Le 17 juin 1939, à Versailles, la foule attend autour de la guillotine, dressée devant la prison Saint-Pierre, l'exécution de l'assassin Eugen Weidmann. A cause de débordements dans l'assistance, les autorités françaises décideront de ne plus procéder à des exécutions en public.

Depuis les temps anciens, l'exécution capitale était un spectacle, une mise en scène de la souveraineté du pouvoir, supposée avoir une valeur dissuasive « pour l'exemple », flattant en même temps la curiosité morbide et la soif de vengeance des foules.

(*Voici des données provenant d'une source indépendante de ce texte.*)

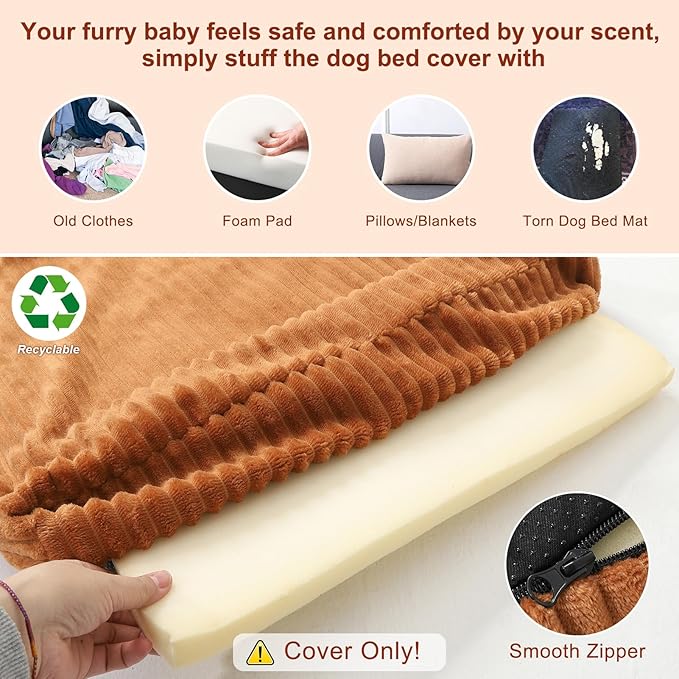 BEAUTYZOO Waterproof Dog Bed Cover Replacement Washable, Soft Plush Dog Bed Covers Removable with Zipper, Antislip Noiseless Ped Hair Pee Resistant Bedding Liner for Puppy Cat, 40x30inch, Brown XL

Même si au 20e siècle les mises en scène comme au temps de la Révolution - défilés des charrettes des condamnes à travers la ville vers l'échafaud - ont été abandonnées, les exécutions restent publiques, jusqu'en 1939.

Le protocole règle tous les détails. L'exécution est matinale, habituellement avant le lever de jour. En plein milieu de la nuit, les assistants du bourreau apportent les « bois de justice » et assemblent la guillotine, le plus souvent devant les portes de la prison.

Ensuite, le directeur de la prison, accompagné du juge d'instruction, du commissaire de quartier, d'un médecin et d'un aumônier réveillent le condamné. On l'informe que son recours en grâce est rejeté et qu'il doit se préparer à mourir.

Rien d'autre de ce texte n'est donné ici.